Runners up: Garden DistrictGo Mama GoMercadito Ramos.

Winner last year: HR-57.

Habitat closing

Too bad to see a local business closing on U Street. Habitat has been on the block for about ten years now. I wasn’t able to find out when they will be closing – but do stop by in the coming weeks to say goodbye.

Update: They will be closing at the end of January.

The farmers' market last fall, courtesy of M.V. Jantzen

This always makes me sad. This weekend is the last for our farmer’s market at 14th and U: so stop by to stock up for the winter, pick up Thanksgiving day supplies, and say farewell to the vendors. The market will be back next May, but you can stop by the Dupont market in the interim, which is open all year.

Chidogo's closing

The closing of Chidogo’s was inevitable, with the Utopia project coming to the southwest corner of 14th and U. Neighboring restaurants had already closed, and Chidogo’s will shutter its doors November 11. The hot dog spot opened in November of last year – I had only stopped in a few times but appreciated a non-McDonalds fast food option for a late night snack.

Chidogo’s will be opening other locations in the area, but it’s not clear if they will be returning to their 14th and U location after construction finishes at the Utopia project.
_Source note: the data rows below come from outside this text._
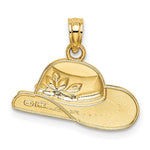 Load image into Gallery viewer, 14K Yellow Gold Polished 2-D RED Enamel Hat Charm Pendant
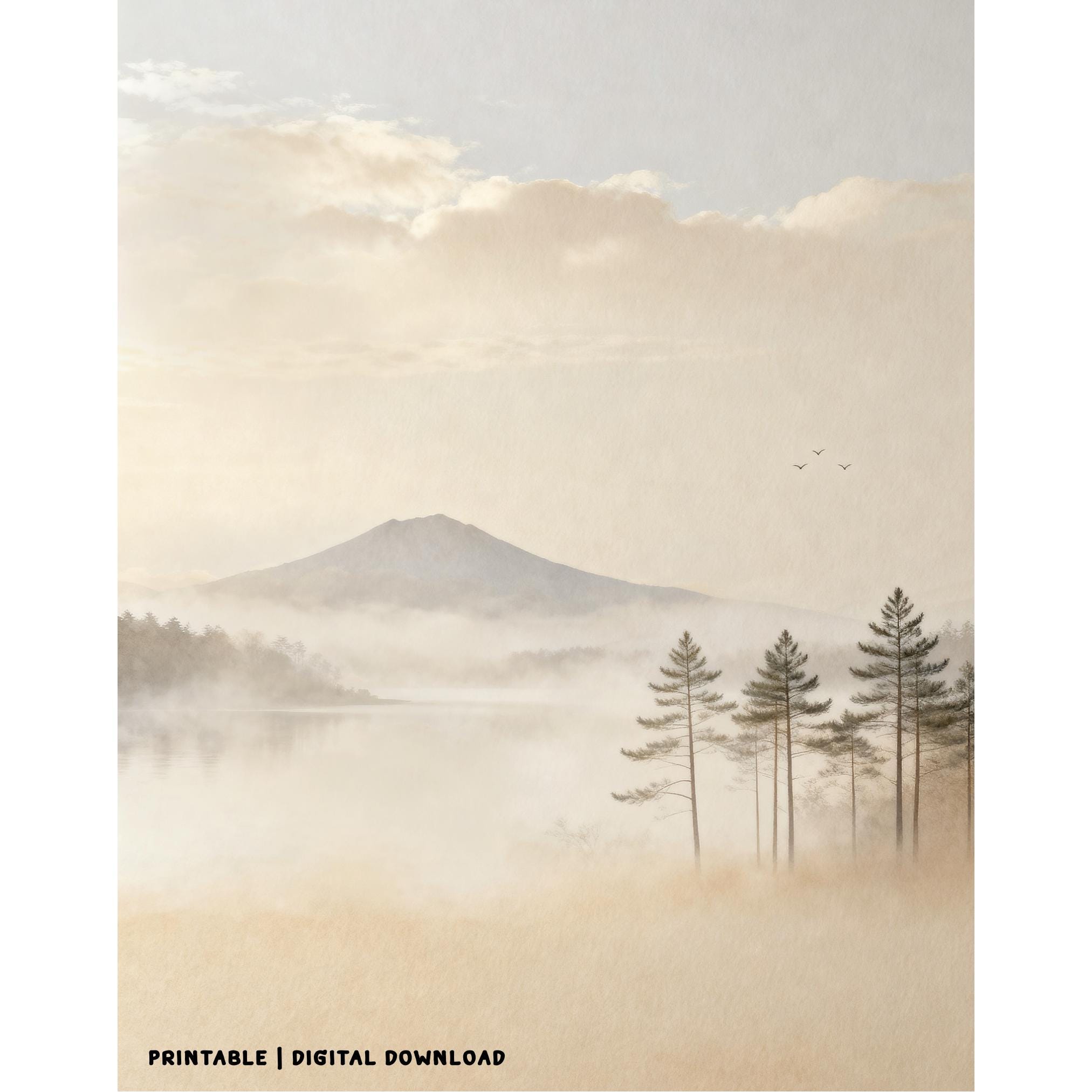 Neutral Mountain Lake Printable Wall Art, Misty Pine Forest, Japandi Decor Digital Download — image 8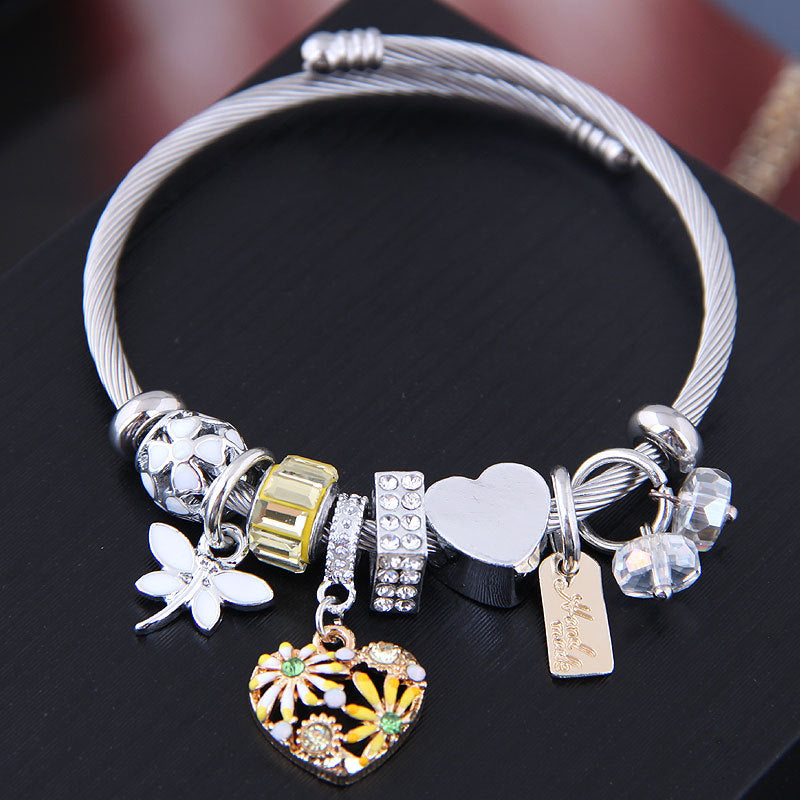 Wholesale Stainless Steel Wire Small Daisy Heart Dragonfly Crystal Beads Bracelet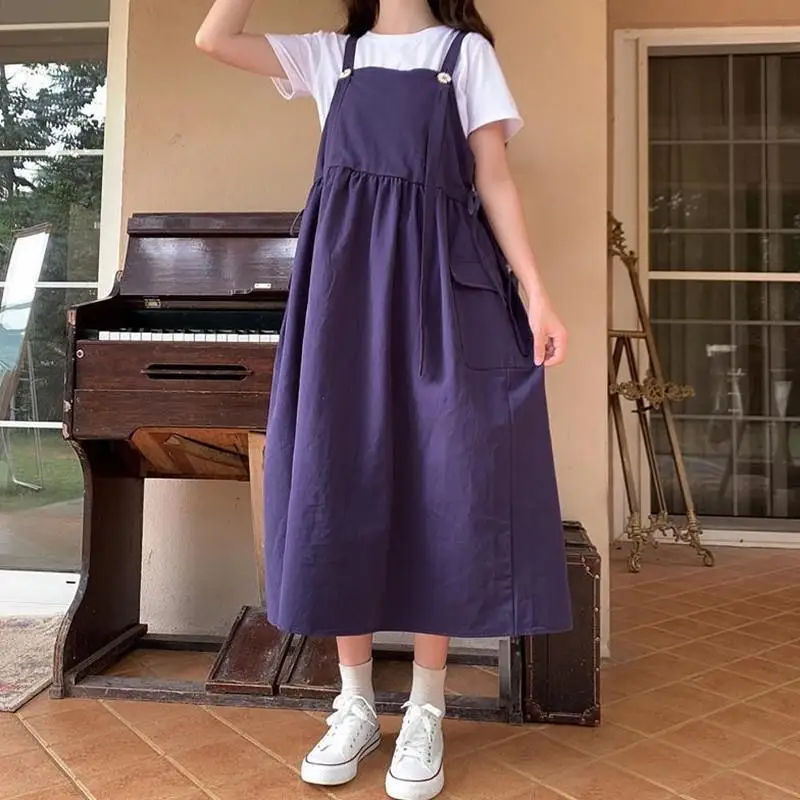 

[Pure Cotton] Suspender Skirt 2022 New Female Japanese Cute College Style Solid Color Korean Version High Waist Loose Dress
The Lincoln Theater, courtesy of Mr. T in DC

This is just getting to be too much. The Lincoln Theater, on the National Register of Historic Places, is in danger of closing. While perhaps not surprising, given the Lincoln Theater has relied on funds from the DC government to stay alive and hasn’t been profitable, it’s still a blow to the area. Jim Graham and theater leadership have had emergency meetings regarding the theater’s funding and the feasibility of it staying open. Graham announced via Twitter last night that they will hold a meeting announcing the future of the theater today at 1 pm.

Stay tuned folks, we’ll see what happens.

UPDATE: Aaron Morrissey, editor of DCist, is tweeting from the meeting that the Lincoln Theater will close at the end of the year if they don’t received additional funding.

Pulp, courtesy of tyarab77

It’s an unfortunate reality in a neighborhood that might have gotten to popular for its own good. Businesses that helped make the neighborhood popular in the first place get pushed out because of increasing rents. We’ve seen, on the 1800 block of 14th street, Go Mama Go, Ruff n’ Ready, and Garden District close. Now Pulp, the quirky cards and gift store that was the best place to browse and shop, is closing as well. Borderstan broke the news last night, Pulp will be closing its location in November.

The store opened in November 2002, so it will be closing after 9 years in business. The original owner, Ron Henderson, died in February of 2009, and Borderstan reports that the business deal to sell the store to new owners fell through. While Pulp doesn’t appear to be a victim of increased rents, it’s still sad to see a store that helped the neighborhood become what it is close. Show some love to Pulp before it closes, and let them know how important they have been to the neighborhood.